*** Opening Records to process ***
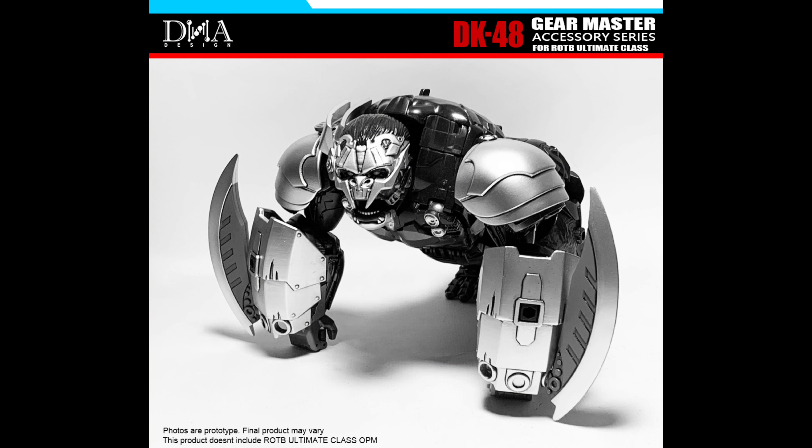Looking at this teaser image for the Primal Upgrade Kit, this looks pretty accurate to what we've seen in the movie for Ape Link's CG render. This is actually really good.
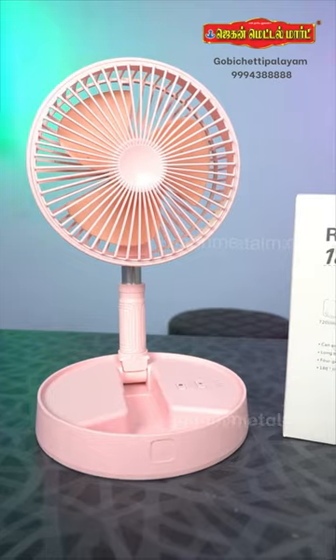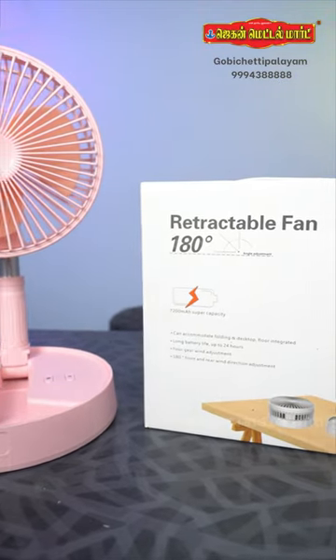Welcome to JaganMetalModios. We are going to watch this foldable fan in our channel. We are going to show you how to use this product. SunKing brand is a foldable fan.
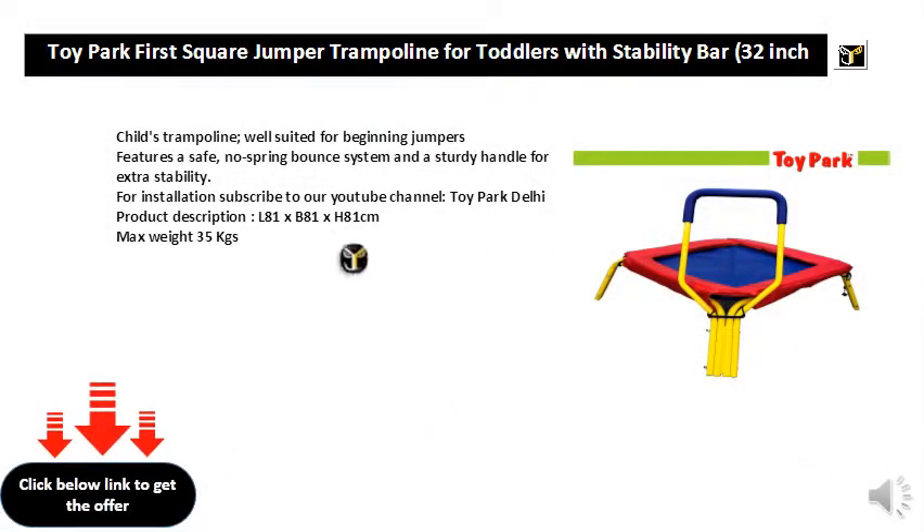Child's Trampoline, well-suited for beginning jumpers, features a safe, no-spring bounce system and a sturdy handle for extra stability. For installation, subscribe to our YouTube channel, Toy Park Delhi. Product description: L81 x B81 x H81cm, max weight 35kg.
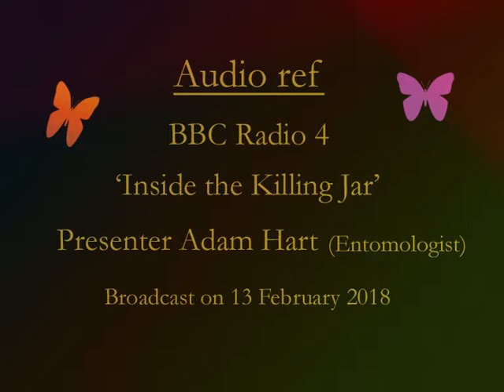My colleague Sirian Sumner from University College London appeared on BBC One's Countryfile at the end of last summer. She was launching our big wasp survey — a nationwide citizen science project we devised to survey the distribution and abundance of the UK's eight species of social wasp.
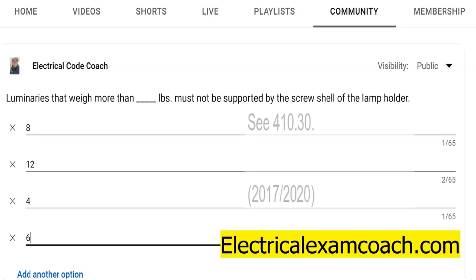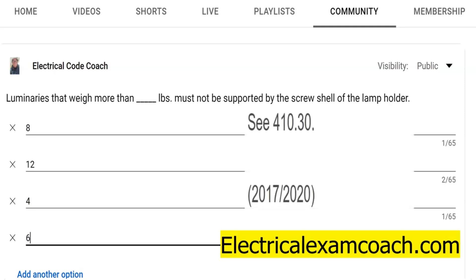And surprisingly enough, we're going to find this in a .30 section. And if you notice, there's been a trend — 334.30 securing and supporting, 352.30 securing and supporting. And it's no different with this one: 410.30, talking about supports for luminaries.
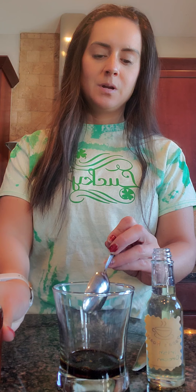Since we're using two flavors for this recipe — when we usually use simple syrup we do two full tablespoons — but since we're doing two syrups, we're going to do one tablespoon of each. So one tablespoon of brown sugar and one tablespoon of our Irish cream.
*** Closing Records to process ***
## Activity:
Take the line containing "And surprisingly enough, we're" and every line after it through the end of the data, and write them out exactly, with no pictures.

## Answer to this problem:
And surprisingly enough, we're going to find this in a .30 section. And if you notice, there's been a trend — 334.30 securing and supporting, 352.30 securing and supporting. And it's no different with this one: 410.30, talking about supports for luminaries.
Since we're using two flavors for this recipe — when we usually use simple syrup we do two full tablespoons — but since we're doing two syrups, we're going to do one tablespoon of each. So one tablespoon of brown sugar and one tablespoon of our Irish cream.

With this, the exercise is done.